Alternative Dispute Resolution

Sep. 30, 2024

Mediation's role in tackling the surge of childhood abuse cases

California has extended the statute of limitations for childhood sexual assault claims, leading to an influx of cases that courts are struggling to manage.

Keri Katz

Judge (ret.), Neutral, Signature Resolution

Keri Katz is a neutral with Signature Resolution with almost four decades of experience as a litigator and a judge. She presided over hundreds of legal proceedings involving construction, engineering and contractual disputes, as well as property damage and ownership disputes such as landslides, flooding, and easement issues. She also presided over childhood sexual assault and premises liability cases.

Shutterstock

In 2019, Governor Newsom signed into law AB 218, creating a three-year revival window for adults subjected to sexual abuse as minors. This made it possible for victims to file civil lawsuits that would otherwise have been barred by the statute of limitations.

Last year, the legislature expanded the statute of limitations for sexual assault claims under Code of Civil Procedure Section 340.1, opening the door for survivors to file lawsuits for actions that occurred decades ago. The Justice for Survivors Act, AB 452, effective Jan. 1, 2024, removed the requirement that most plaintiffs file their claims before the age of 40, allowing survivors of long-ago trauma to come forward and seek justice. For civil actions arising on or after Jan. 1, 2024, the law effectively eliminates all time limits for recovery of damages suffered as a result of childhood sexual assault.

Now the volume of cases is starting to overwhelm courts. How can this many cases be managed and tried, so many years after the abuse occurred? How can plaintiffs have their day in court, given the almost insurmountable loss of records, witnesses, and memories?

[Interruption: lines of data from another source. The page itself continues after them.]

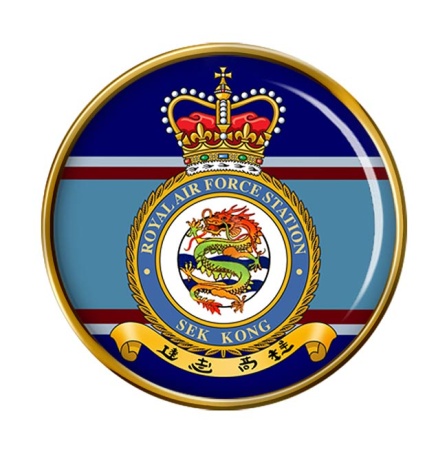 RAF Station SeK Kong Round Pin Badge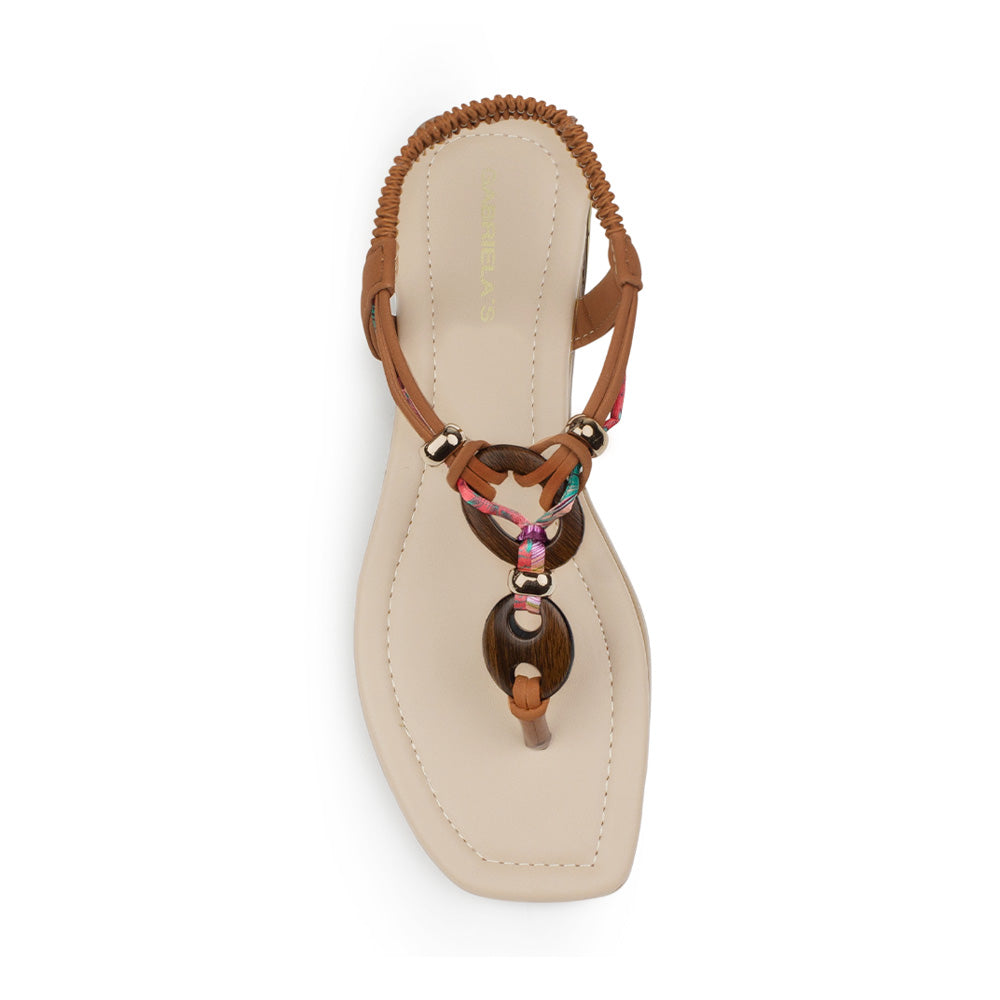 Sandalia Cafe Dama Plana Detalles Decorativos Resorte Talon Moda 3201461
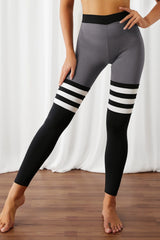 Color Block Elastic WaistbActive Leggings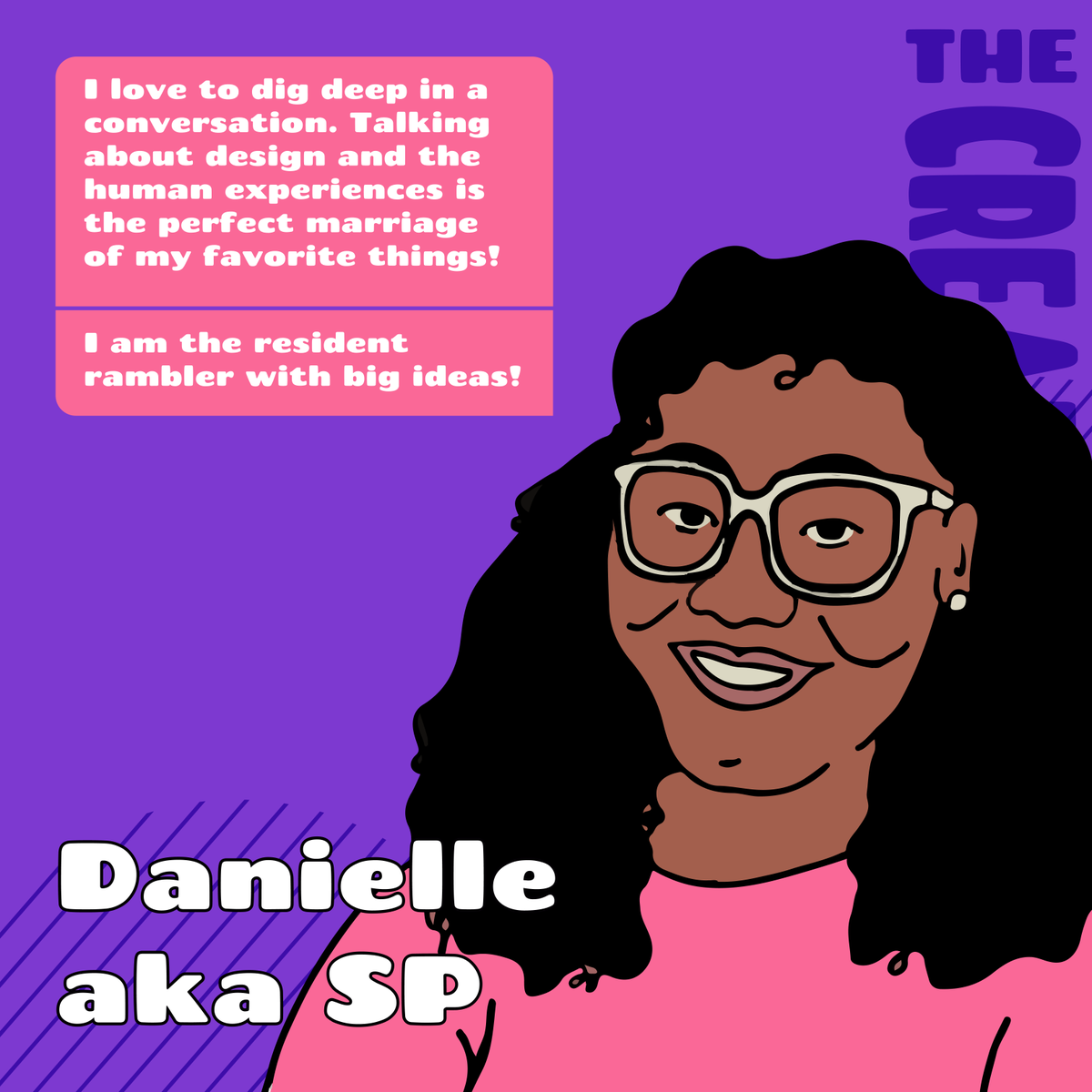 TheCreativeBlck's tweet photo. #2 (con) — 🎙Who are the hosts?
Meet Danielle (affectionately known as SP). SP is the resident rambler of the crew with BIG ideas and even BIGGER dreams. She loves digging too deep into the human experience and provoking the most provocative questions. https://t.co/yLP8Bqb3xP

The best solution, for most of these cases, may be mediation. Mediation offers claimants an avenue for resolving their claims in a safe, respectful and confidential manner while offering ways to address evidence, including privileged evidence, not generally available in the courtroom.

Importantly, some childhood sexual abuse cases should pursue court action before entering mediation. Court rulings in these cases can provide helpful resolution to many issues and can sharpen the focus of the meditation by determining the proper parties, causes of action and defenses.

Benefits of mediation

Unlike jury trials, which can take years to calendar, mediations can be scheduled and completed much sooner. But beyond timing, mediation offers important benefits not available in the courtroom. It can more flexibly address unavailable evidence while providing a much-needed level of confidentiality. Plaintiffs are empowered to tell their difficult stories, and defendants are able to be heard, in a confidential, controlled setting.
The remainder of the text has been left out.